Yes, this is a description of New England coach Bill Belichick, who can set himself apart today by winning a record fifth Super Bowl title as a head coach.
It's also a description of former coaches Chuck Noll of the Steelers and Tom Landry of the Cowboys and Alabama's Nick Saban.
As well as Gregg Popovich of the Spurs and former UCLA coach John Wooden and pretty much every other person who has cemented him or herself on the Mount Rushmore of the profession.
"Xs and Os are the price of admission," says John O'Sullivan, founder of the Changing the Game project , who speaks often about the importance of coaching in society. "But great coaches, the first thing they do is connect.
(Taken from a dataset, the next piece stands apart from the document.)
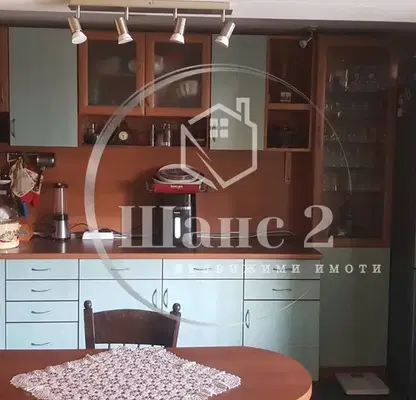 Снимка 2 — Многостаен апартамент в Добрич, Червената пръст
When you connect with people, they'll run through a wall for you."
Belichick, a people person? 
Famous are the stories of Belichick's willingness to go the extra mile - especially in the film room - from the time he got his first NFL job, as an assistant to Colts coach Ted Marchibroda in 1975.
"The impression he made on colleagues was almost universally favourable — open-minded, incredibly hard-working, absolutely committed to being a little better every day ... a master at using film," wrote David Halberstam in his 2005 profile on Belichick, "The Education of a Coach."
Another great coach took note of that.
Before Nick Saban started winning his five national titles in college, he was Belichick's defensive coordinator with the Browns from 1991-94.
"I thought I knew something, and really found out that I was really in a position to learn a lot," Saban said. "That time in Cleveland probably helped me as much as anything in developing the kind of philosophy and organisations that have helped us be successful through the years. I attribute a lot of it to Bill Belichick."